In the following section we will show a toy example, on how a very simple DAG using Airtunnel can be built.

If you want to run this tutorial, it is on GitHub as a demo project.

Objective of the DAG workflow

For the ingested data assets, the example DAG will:

  • sense for input data for a Data Asset in the form of csv, using a glob pattern

  • move the input file(s) to a staging location

  • prepare a new version of the Data Asset by applying the specified transformations, which are deduplication and renames

  • store the new version on a staging location

  • atomically load the new data into the physical data store

  • archive the previous version of the data asset, using the DAG’s execution date

  • update Airtunnel’s load status, file ingestion and lineage metadata

  • archive the ingested files using the DAG’s execution date

Subsequently, it will update the derived data asset.

Data Assets

The four relevant data assets for the university toy example are: Student, Programme, Enrollment and Enrollment Summary.
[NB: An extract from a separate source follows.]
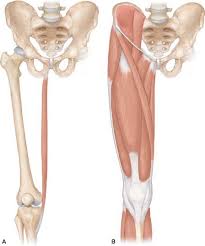 Image result for Laggera gracilis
Student, Programme and Enrollment are ingested assets we receive as a flat file csv, “Enrollment summary” is a derived asset we can build by joining them together and then counting per student major subject and program, how many students are enrolled.
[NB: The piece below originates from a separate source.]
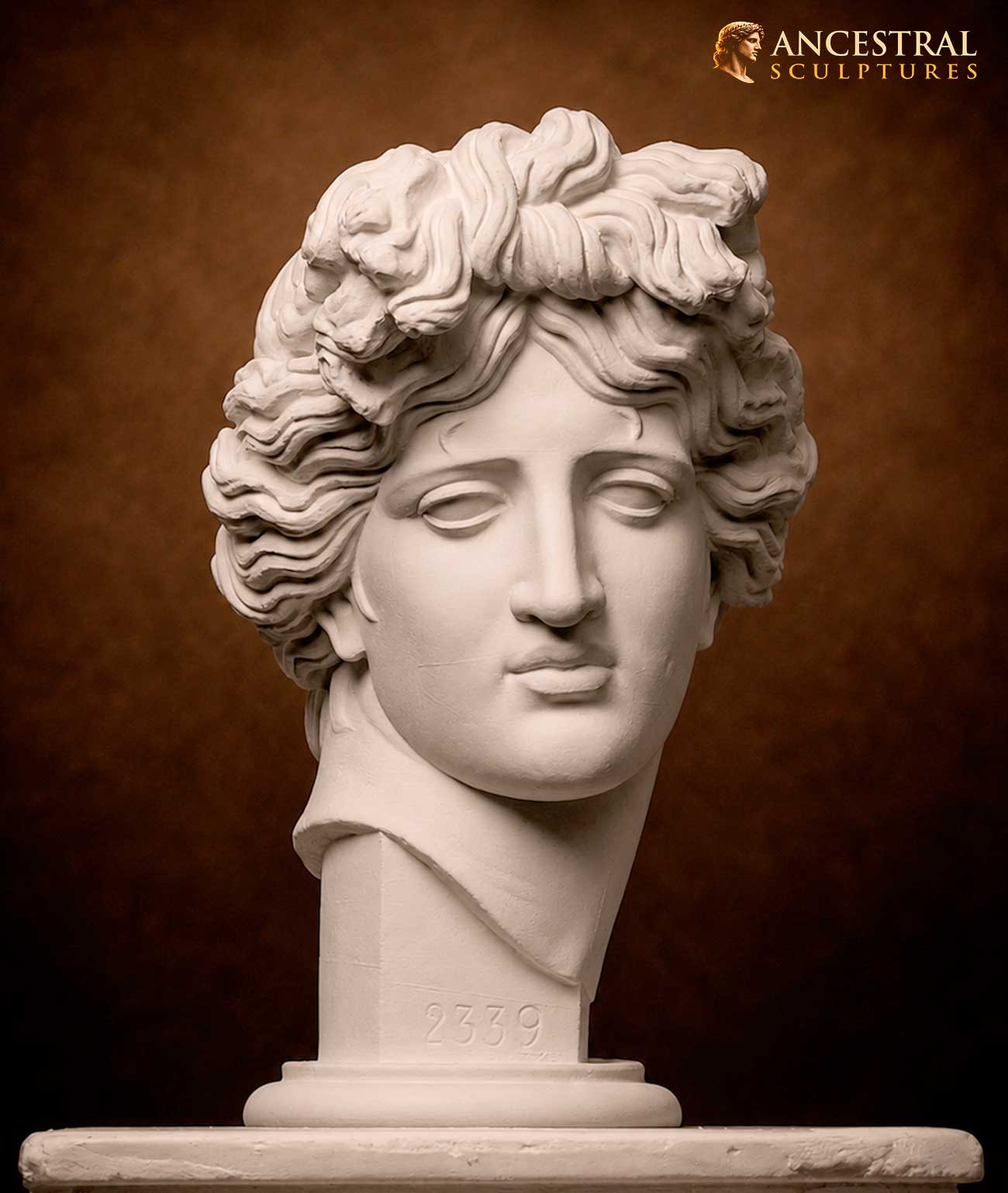 Apollo Giustiniani Bust – Historical Reconstruction of the Classical God Apollo | Hand-Finished Museum Artwork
We start by declaring the three ingested data assets. The first one is student, therefore let’s place a student.yaml in the declaration store with the following contents:

type: ingested

ingest:
  in_storage_format: csv
  file_input_glob: student*
  archive_ingest: yes

transformation:
  in_column_renames:
    student_name: student_first_name

load:
  out_storage_format: parquet
  key_columns:
    - student_id
  out_compression_codec: gzip
  archive_ready: yes

👍Great! This is a very readable description of important parameters, that influence how we process this data asset. Actually, we can leverage some of the defaults and can be less explicit when we describe programme (in its own programme.yaml):

type: ingested

ingest:
  file_input_glob: programme*

load:
  key_columns:
    - programme_id

…and enrollment (in its own enrollment.yaml):

type: ingested

ingest:
  file_input_glob: enrollment_*


load:
  key_columns:
    - student_id
    - programme_id

Here we have specified some key-columns we want to later use for deduplication purposes.

The last data asset to describe is enrollment_summary, a derived data asset with the following description:

type: derived

This description is super compact as we simply inherit all the defaults (parquet, gzip and archival) for loading.
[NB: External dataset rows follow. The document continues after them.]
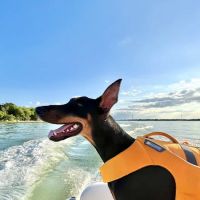 Ark Veterinary Hospital ico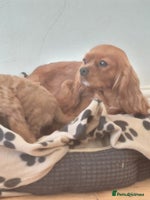 Cavapoo dogs - Advert 1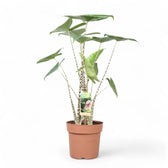 Alocasia zebrina potted plant in nursery pot on white background.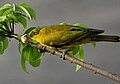 Burung muda makan di pokok Kekabu Kapok Ceiba pentandra in Kolkata, Bengal Barat, India.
Wonderful, this is it in terms of declarations and we are ready to go to write some Pandas scripts! 🚀

Data Asset scripts

To process data assets, we want to use Pandas. Hence, we will create four Python modules - one for each asset. All of these need to implement a method of the following signature:

from airtunnel import PandasDataAsset
def rebuild_for_store(asset: PandasDataAsset, airflow_context):
    pass

Let’s start by specifying the script for the student asset, student.py:

from airtunnel import PandasDataAsset, PandasDataAssetIO


def rebuild_for_store(asset: PandasDataAsset, airflow_context):

    student_data = PandasDataAssetIO.read_data_asset(
        asset=asset, source_files=asset.pickedup_files(airflow_context)
    )

    student_data = asset.rename_fields_as_declared(student_data)

    PandasDataAssetIO.write_data_asset(asset=asset, data=student_data)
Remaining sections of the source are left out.